Best practices for creating indexes in Couchbase Lite

I’m trying to improve performance of queries in my app and therefore revisit a topic that I have looked at quite some time ago. I tried to get “best practices” during another thread - but that disappeared through the process.

Up till now I have only had one index - on the type field.

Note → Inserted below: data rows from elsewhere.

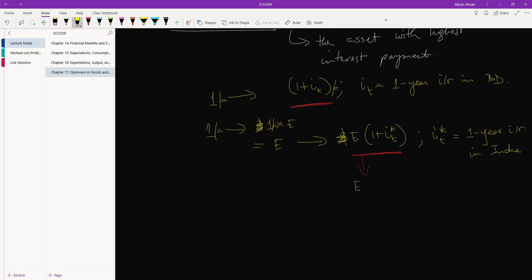How will you do that? You will effectively have E times one plus IT star, divided by ET plus one expectation. You don't know what the exchange rate will be next year in period T plus one. As a result, you have an expected exchange rate of this much.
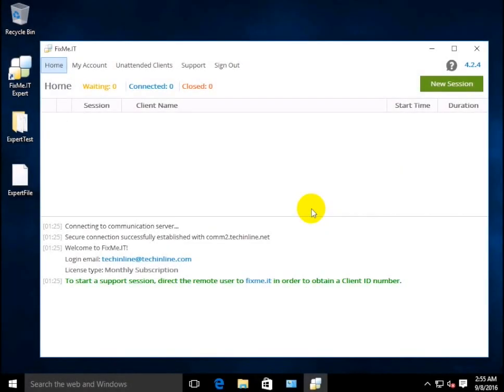Hello everyone, in today's video I'm going to demonstrate three file transfer options available in the FixMeID application.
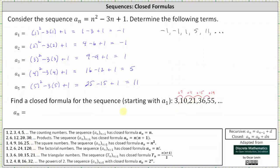Another approach is to see if the sum or differences of any two common sequences resemble the given sequence. Looking at the sequence of products a sub n equals n times the quantity n plus one, as well as the squared numbers a sub n equals n squared: two plus one is three, six plus four is 10, 12 plus nine is 21, 20 plus 16 is 36, and 30 plus 25 is 55.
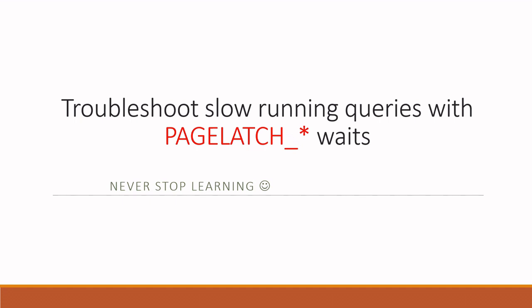Hello everyone, welcome to my channel. In this session I will focus on bottlenecks related to page latch waits.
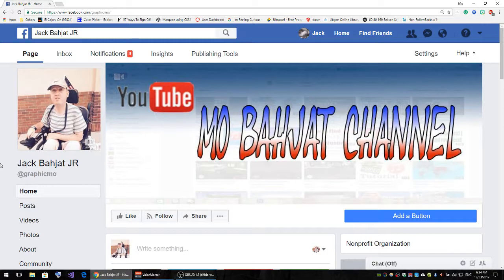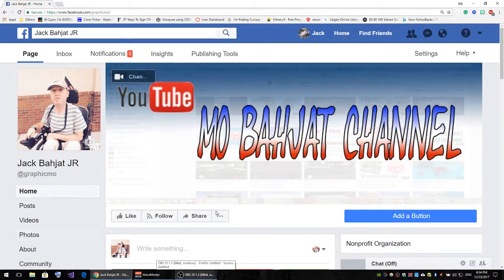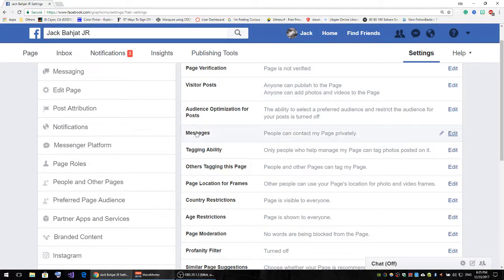What you'll have to do is click here and click on the page that you have. Then from here, click on Settings, and from there click on General — you should already be on it.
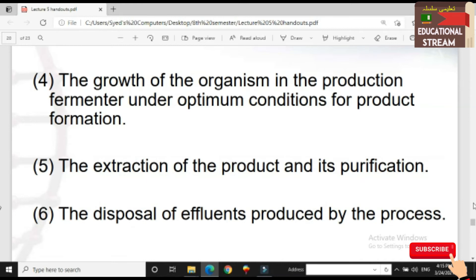The fourth step involves providing optimum conditions for temperature and pH. We will provide the nutrients, temperature, and other optimal conditions for the fermentation process.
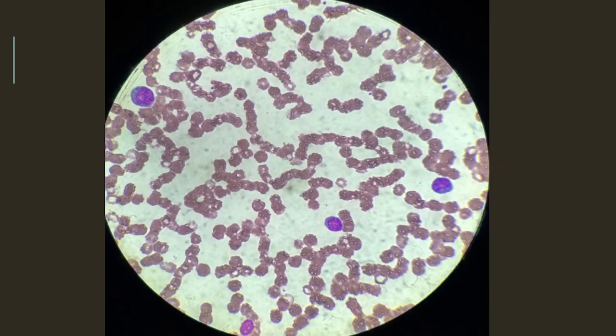Today's case is a peripheral smear from a patient with a fever. Here we can appreciate these larger lymphocytes, which are larger than the normal mature lymphocyte, and they have a deeply basophilic cytoplasm.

I have now looked at some queries and thought I would try to improve it by adding some more specific indexes based on the queries. So now I have:

Db.CreateIndex("type", IndexBuilder.ValueIndex(ValueIndexItem.Expression(Expression.Property("type"))));
Db.CreateIndex("type_user", IndexBuilder.ValueIndex(ValueIndexItem.Expression(Expression.Property("type")), ValueIndexItem.Expression(Expression.Property("userkey").NotNullOrMissing())));
Db.CreateIndex("stats_catch", IndexBuilder.ValueIndex(ValueIndexItem.Expression(Expression.Property("type")),
                ValueIndexItem.Expression(Expression.Property("userkey").NotNullOrMissing()),
                ValueIndexItem.Expression(Expression.Property("specieskey").NotNullOrMissing()),
                ValueIndexItem.Expression(Expression.Property("locationtype").NotNullOrMissing())
    ));

I have then added a query.Explain() to the various calls to see what index they use. And now the all seem to use the type_user index…???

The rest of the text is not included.